[spambayes-dev] Re: Pickle vs DB inconsistencies

Mon Jul 14 01:55:06 EDT 2003

[Greg Ward]
> ...
> My recent experiences with bugs in the DB[M] storage -- still the
> ostensible subject of this thread! -- are a good argument against
> this. Tim P's words were along the lines of, "The pickle
> implementation is so simple that it's obviously correct",

The original dict implementation was so simple it was obviously correct, but
"obviously" got lost to the layers of indirection added to support database
backends.  Still, classifier.py's default implementations of the wordinfo
mutators remain obviously correct:

    def _wordinfoget(self, word):
        return self.wordinfo.get(word)

    def _wordinfoset(self, word, record):
        self.wordinfo[word] = record

    def _wordinfodel(self, word):
        del self.wordinfo[word]

(all of those are used when a dict is used for self.wordinfo, although they
slow it down a lot -- each dict operation turns into a Python function
call).

> and it's good to have a gold standard, even if it is a memory hog and
> slow to startup.

Using a dumbdbm backend is more of a memory hog than using a dict.  dumddbm
internally constructs a dict mapping every key in the database to (offset,
size) pairs of integers as soon as it's opened, where the pairs refer to
positions in the .dat file.  Then more dicts constructed by DBDictClassifier
are on top of that.  Using a plain dict instead directly maps every key in
the database to (nspam, nham) pairs of integers as soon as it's opened, but
without additional layers of dicts.  So dumbdbm loses to a plain dict on all
counts (speed, memory usage, disk-file size, robustness, clarity).

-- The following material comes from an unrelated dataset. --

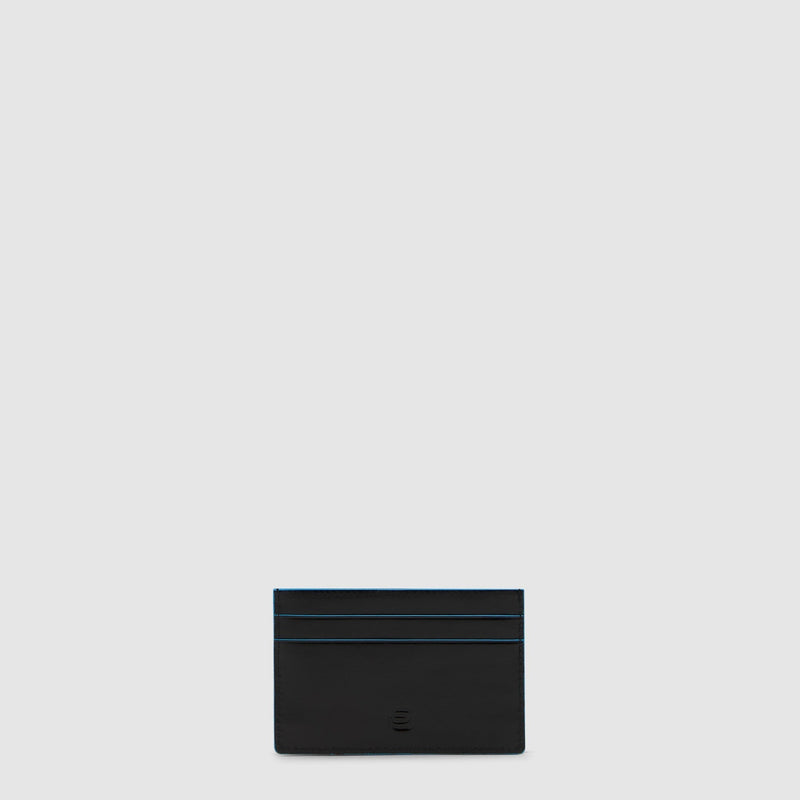 Slim Leather Card Holder, 4 Slots, RFID-Blocking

I still use a plain dict for my own classifiers, and am very happy with it.
The number of database bugs I've fixed is infinitely larger than the number
I've experienced <0.9 wink>.

BTW, spambayes would be happiest using a ZODB OOBTree for the classifier's
wordinfo structure, and the classifier was designed with that in mind.
Jeremy hooked that up once, using ZEO to share a live database across
multiple remote connections.  The code is in the pspam subdirectory,
although it's probably suffering from bitrot by now.

> ...
> (I'm also not a fan of the .py extension on scripts, for reasons that
> I really can't explain.  I think it's because it reveals an irrelevant
> implementation detail -- the programming language used -- to users of
> the script.  Damn, I guess I should have added an install-time
> distutils option to strip .py from script names.  Unfortunately, my
> time machine isn't as good as Guido's.)

You should leave the .py extension on almost all scripts, just as the Python
distribution does for almost all scripts.  #! and binfmt gimmicks are
OS-specific -- the .py extension is necessary for some OSes to know which
program to use to run a script.  Of course you can leave .py off of scripts
that have no hope of running under anything but Linux.

>> (BTW, why can I import optparse in 2.2.3 when the doc says it only
>> arrives in 2.3?)

> Good question -- I guess someone backported it when I wasn't looking!

No, someone is confused there -- optparse doesn't exist in 2.2.3.  I suspect
they have an overly generous PYTHONPATH setting.